• **Work to complete**
Below is a listing; print exactly its lines from the one containing "The Best of YES for Guitar Songbook" down to the one containing "Photo 2 VIN: 1G1PG5SB5G7137029", both inclusive, with every picture left out.

══ Excerpted records ══

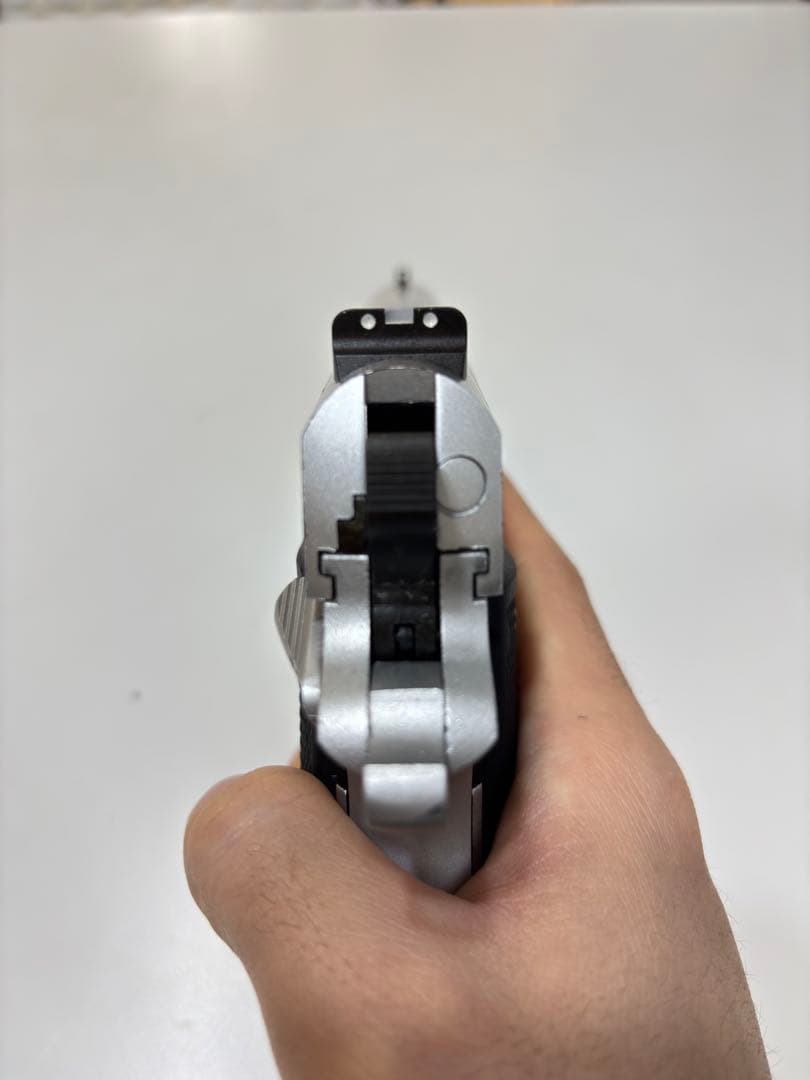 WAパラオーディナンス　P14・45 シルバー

═══
══ Excerpted records ══

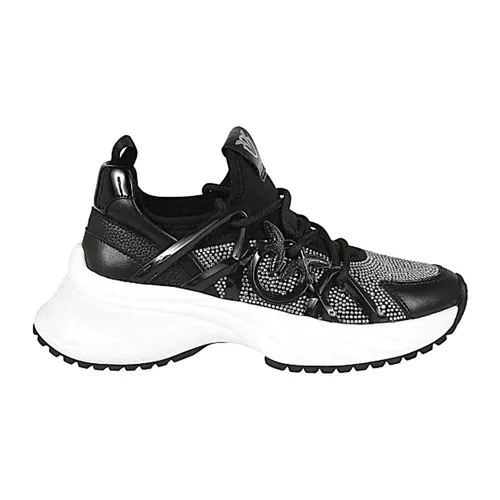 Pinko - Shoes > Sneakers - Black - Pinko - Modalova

═══
══ Excerpted records ══

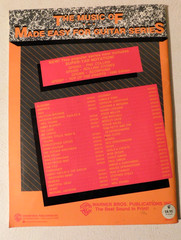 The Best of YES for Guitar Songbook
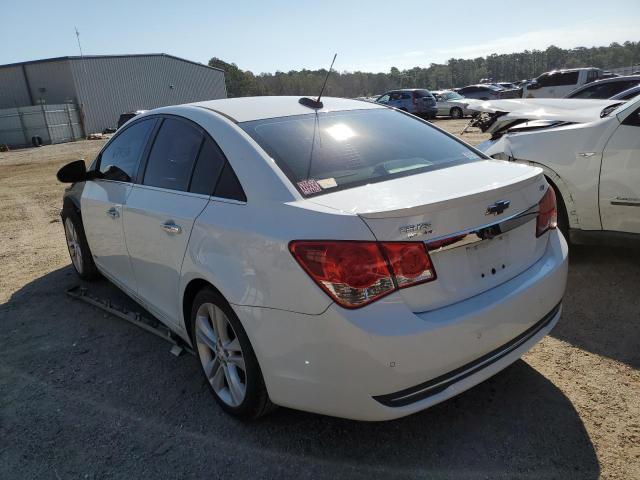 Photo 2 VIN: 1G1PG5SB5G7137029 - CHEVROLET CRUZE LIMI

═══

• **Answer for the task**
 The Best of YES for Guitar Songbook
 Photo 2 VIN: 1G1PG5SB5G7137029 - CHEVROLET CRUZE LIMI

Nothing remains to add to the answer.